Mustafa Kemal ATATÜRK bu koşullar
altında 19 Mayıs 1919’da Bandırma vapuru ile Samsun’a çıkmış ve 18 arkadaşı ile
birlikte Kurtuluş savaşını başlatmıştır. Bunun sonunda Türkiye Cumhuriyeti
Kurulmuş oldu. Bu büyük bir onurdur. Bu onuru yaşıyoruz.
Ulu Önder’in Türkiye Cumhuriyeti’nin
temellerinin atıldığı bu kenti tam dört kez şereflendirmeleri ve “Ben
Samsun’u ve Samsun Halkını gördüğüm zaman,memlekete ve millete ait bütün
düşünce ve kararlarımın yerine getirilebileceğine dair bir defa daha kuvvetle
inanmıştım. Samsun’luların hal ve durumlarında gördüğüm gözlerinden okuduğum
vatanseverlik ve fedakarlık ; ümit ve tasavvurlarımı olumlu bir inanca
götürmeye yetmişti.......” sözleri O’nun 19 Mayıs ve Samsun’a verdiği önem
ve duyduğu güvenin ifadesidir.
Samsun şehri işte bu özellikleri
nedeniyle “19 Mayıs Kenti ve Atatürk’ün Şehri” olarak anılmakta; özgürlük ve
bağımsızlık meşalesinin alevlendiği bir yer olmaktan haklı bir gurur
duymaktadır.
Bu vesileyle ;
Ömrünü ulusuna adamış, Vatanın kurtulması ve yücelmesi
için çalışmış büyük insan Ulu Önder ATATÜRK’ün SAMSUN
ve Çevresinde geçen anılarından bahsetmek istiyorum.
Söyle ki ;
Bütün yaptıklarını halktan alan ve halka veren Atatürk, sık sık yurt gezisine çıkardı. Bu gezilerde köy köy ,şehir şehir bir baba gibi karşılanır, baş üstünde tutulurdu. O da her yerde kendi izini, her köyde kendi eserini ve her gönülde kendisini bulurdu.
Atatürk yurt gezilerenin
birinde Samsun’a da uğramıştı. Her ocak başında kondu,konuştu. Lisede de
sınıflara girip çıktı.O yıllarda rahmetli Hasan Ali YÜCEL Bakanlık Müfettişi ,
Eflatun Cem GÜNEY de yönetici olarak müfettişin emirlerinde çalışıyordu.
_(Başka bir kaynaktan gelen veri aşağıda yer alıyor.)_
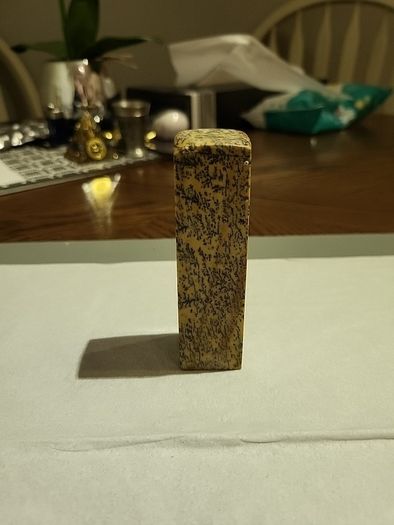 Dendritic plant stone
Araştırmacı yazar Eflatun Cem GÜNEY anılarında,
Samsun’da bir lisede geçen olayda, Atatürk Coğrafya dersinde çocuklardan
birisine yurt haritası çizdirir. Tahtada bulunan çocuk kendisine güvenen bir
rahatlıkla tebeşiri yürüttü,yürüttü ve umulmadık bir çabuklukla yurt haritasını
yazı tahtası üzerinde çizgileştirdi. Atatürk şöyle bir baktı. Sonra
tatlı,yumuşak bir sesele “Oğlum,dedi; Şu senin
haritada bir yıllık yurt parçası sınırlarımızın dışında kaldı.”
Bu tomurcuk yavrunun körpe zekası bir çift mavi gözle
kamaşmıştı. Bilerek bilmeyerek tebeşiri uzattı. Atatürk’de
çocuğun titreyen parmaklarından aldı. Ve güney sınırlarımızı düzeltti. Herkes
göz kulak kesilmişti, çizdiği sınır Hatay topraklarından geçiyordu.
Çocuğa döndü :
“Böyle olmayacak mı ?
dedi. Bu küçük çocuk büyük bir cevap verdi. “SINIRLARIMIZ ÇİZDİĞİNİZ
YERDEN GEÇER” işte bu sorgu ,bu cevap yalnız o sınıfın değil bütün milletin
yüreğini tutuşturan yeni bir ülkü meşalesi oldu.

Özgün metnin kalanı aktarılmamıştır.